I am not sure this meets the requirements...although not explicitly stated by the OP I assumed the requirement was that a student/member could only be listed one time and this result will place members into multiple groups.
TOTALLY agree with you Jeff
If you don't have the count of rows exactly a mutiple of 3
then what do you do with the extra rows !!
All depends on what is the requirement !!!
N number of things can be done
Many thanks for your efforts !!!
We can simplify the query to this:
Declare @totalStudents int = (Select count(*) From @StudyOverSeas sos) / 3; --- 1;
With studentGroups
As (
Select *
, GroupID = ntile(@totalStudents) over(Order By newid(), sos.Nationality)
From @StudyOverSeas sos
)
, studentRanks
As (
Select *
, RankID = dense_rank() over(Partition By GroupID Order By Nationality)

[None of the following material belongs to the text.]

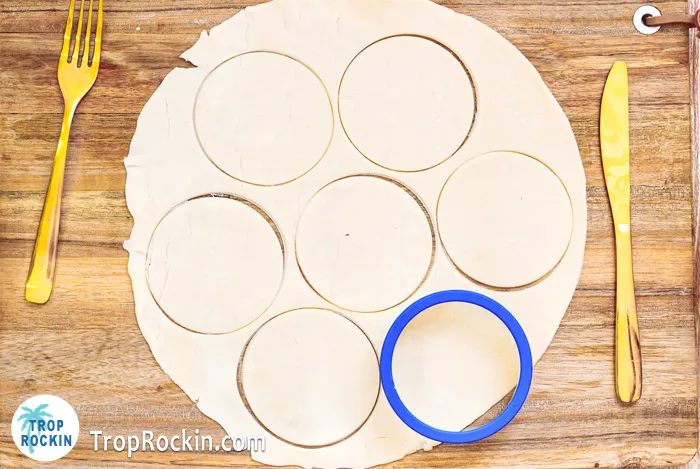 Pie crust rolled out and circles cut into it with a round cookie cutter.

, rn = row_number() over(Partition By GroupID, Nationality Order By StudentId)
From studentGroups
)
Select *
From studentRanks sr
--Where rn = 1
-- And RankID <= 3;
I ran the code, using Harish's test data (post #31) and Jeff's query (post #37) , including the WHERE clause (otherwise groups of more than 3 people are formed).
Where rn = 1
And RankID <= 3;
There are 17 students, only 14 end up in the resultset.
The query should not discriminate people based on their nationality
I just ran the query, now going to have a better look at how it works.
And I learned something new: NTILE().
Harlington most likely never imagined his question would result in such a lengthy and vivid discussion.